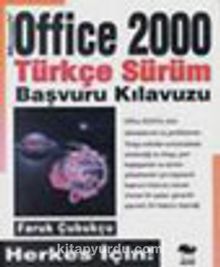 Microsoft Office 2000 Başvuru Kılavuzu Türkçe Sürüm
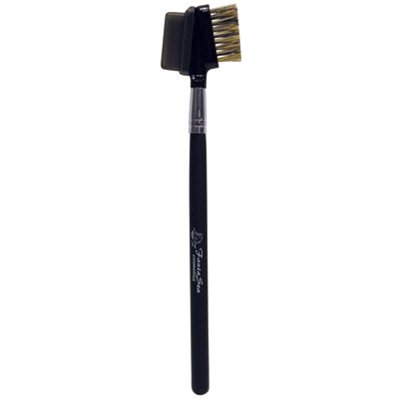 Steel Bristle Eyelash Separator & Eyebrow Brush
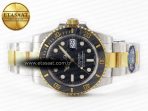 Rolex Submariner 11661 Black Ceramic Clean Best Edition 904L SS Case and Bracelet VS3135 - Görsel 9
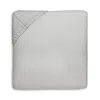 Sferra Celeste Fitted Sheet, Queen In Gray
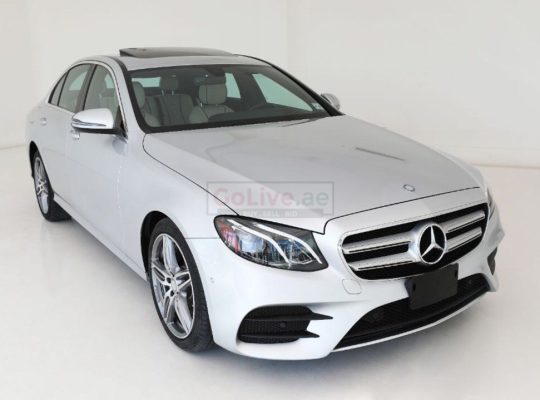 Mercedes Benz E-Class 2017 FOR SALE
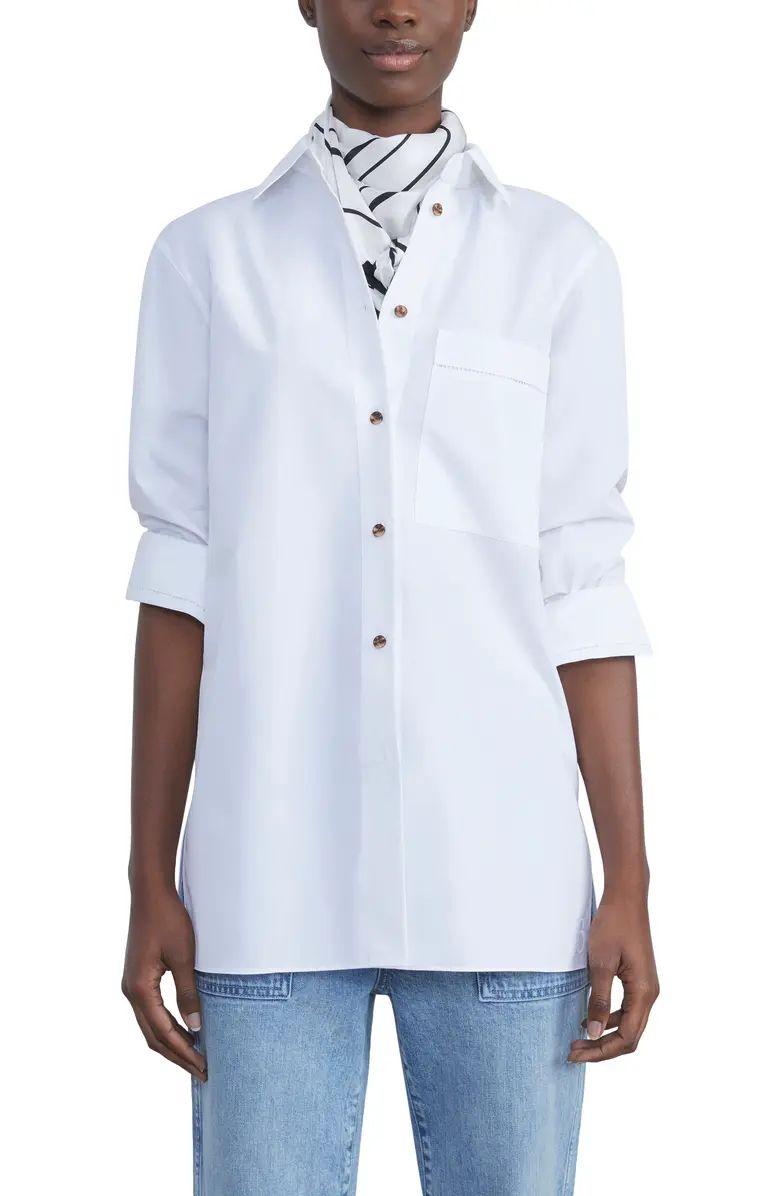 Greyson Organic Cotton Poplin Button-Up Shirt | Nordstrom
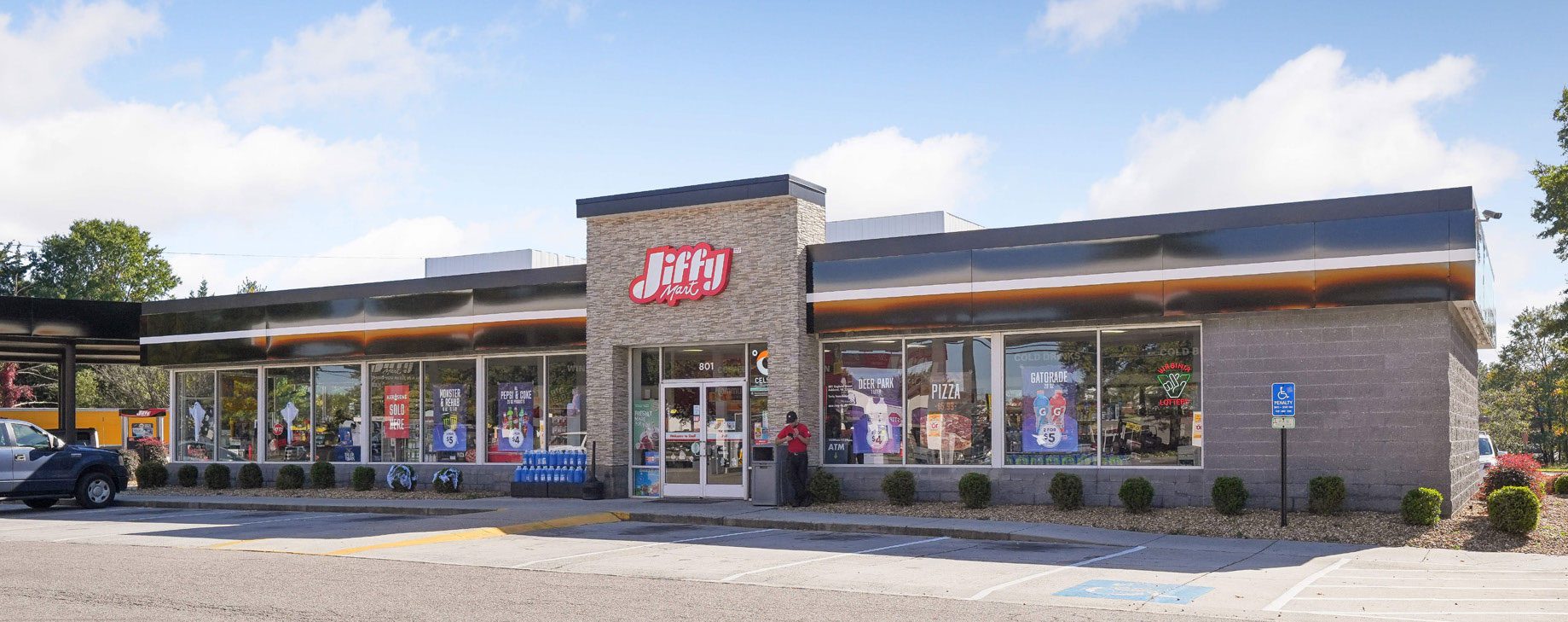 Shell gas station Jiffy Mart convenience Store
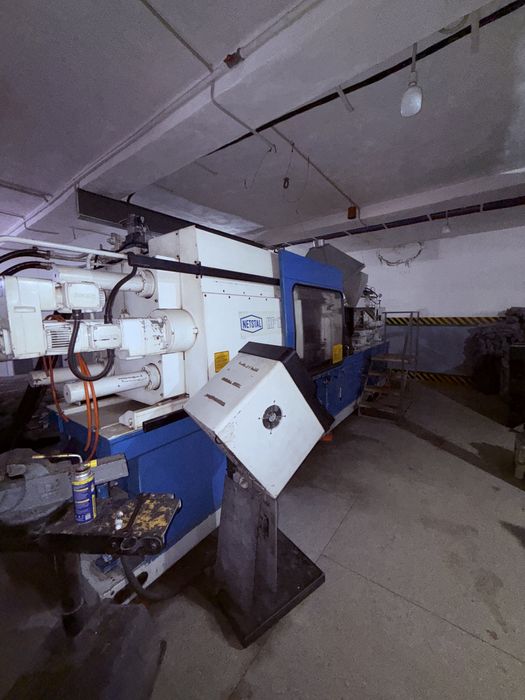 Термопластавтомат Netstal 1993 року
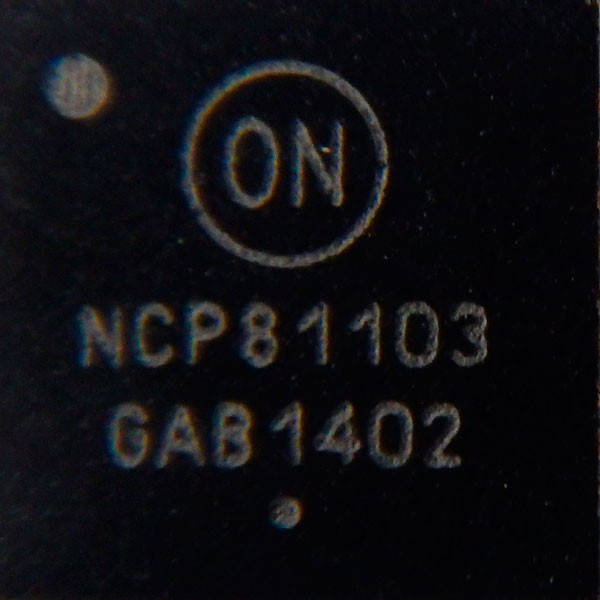

Микросхема On Semiconductor NCP81103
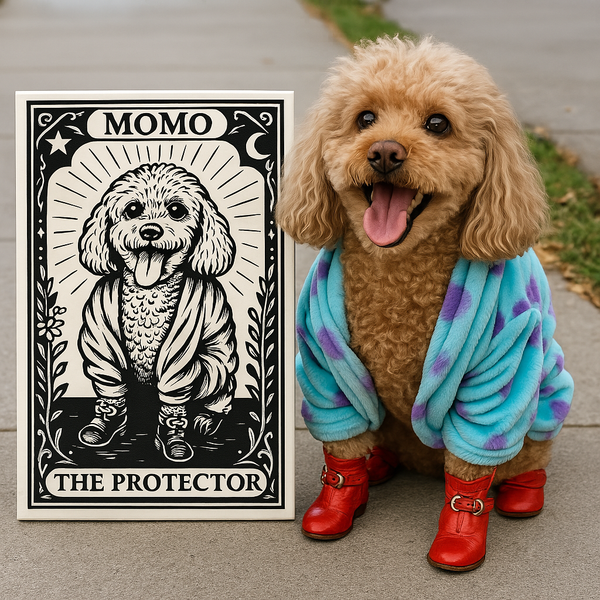 [Picture Upload] - PAWsonalized Pet Canvas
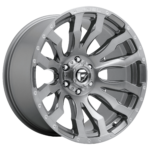 Fuel 1PC - D693 BLITZ | 22x10 | 8x165.1 | ET -18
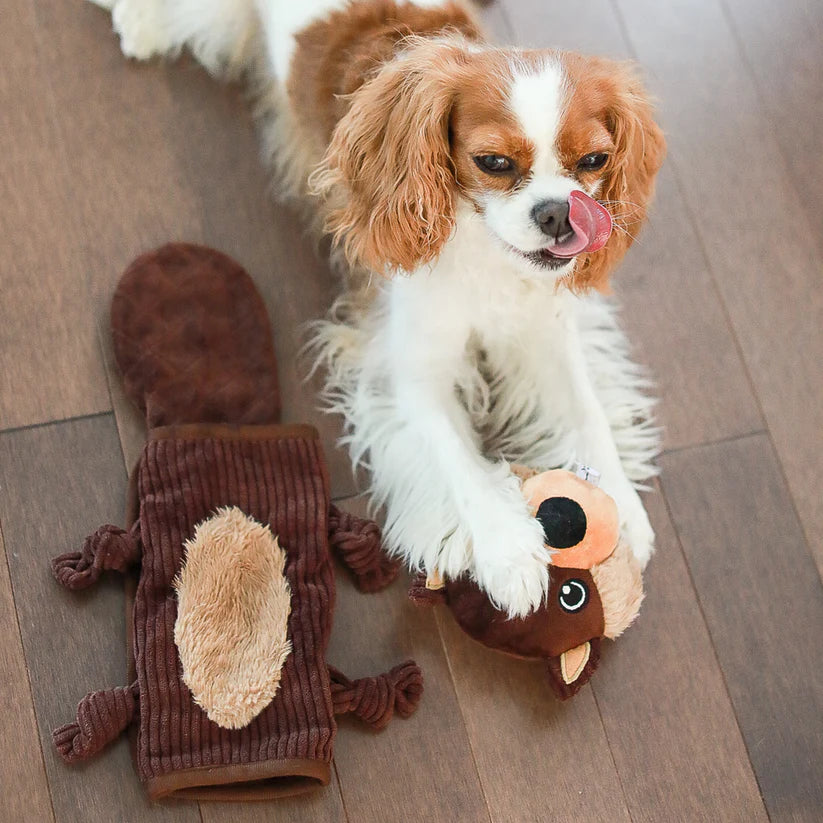BeOneBreed - Bernie The Beaver (Rebuildable Dog Toy)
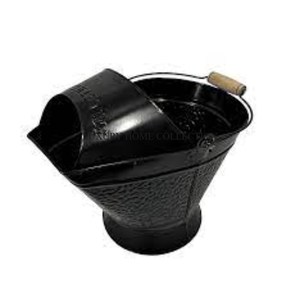 Seau à charbon métallique résistant à la chaleur et à la rouille avec poignée intégrée pour un transport sans effort et un entretien facile - Product Image 6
+ + + + + + +
▸ **EXERCISE DIRECTIONS**
Output all of the records word for word, and keep the pictures out of the copy.

▸ **RESPONSE TO THIS TASK**
 Microsoft Office 2000 Başvuru Kılavuzu Türkçe Sürüm
 Steel Bristle Eyelash Separator & Eyebrow Brush
 Rolex Submariner 11661 Black Ceramic Clean Best Edition 904L SS Case and Bracelet VS3135 - Görsel 9
 Sferra Celeste Fitted Sheet, Queen In Gray
 Mercedes Benz E-Class 2017 FOR SALE
 Greyson Organic Cotton Poplin Button-Up Shirt | Nordstrom
 Shell gas station Jiffy Mart convenience Store
 Термопластавтомат Netstal 1993 року

Микросхема On Semiconductor NCP81103
 [Picture Upload] - PAWsonalized Pet Canvas
 Fuel 1PC - D693 BLITZ | 22x10 | 8x165.1 | ET -18
BeOneBreed - Bernie The Beaver (Rebuildable Dog Toy)
 Seau à charbon métallique résistant à la chaleur et à la rouille avec poignée intégrée pour un transport sans effort et un entretien facile - Product Image 6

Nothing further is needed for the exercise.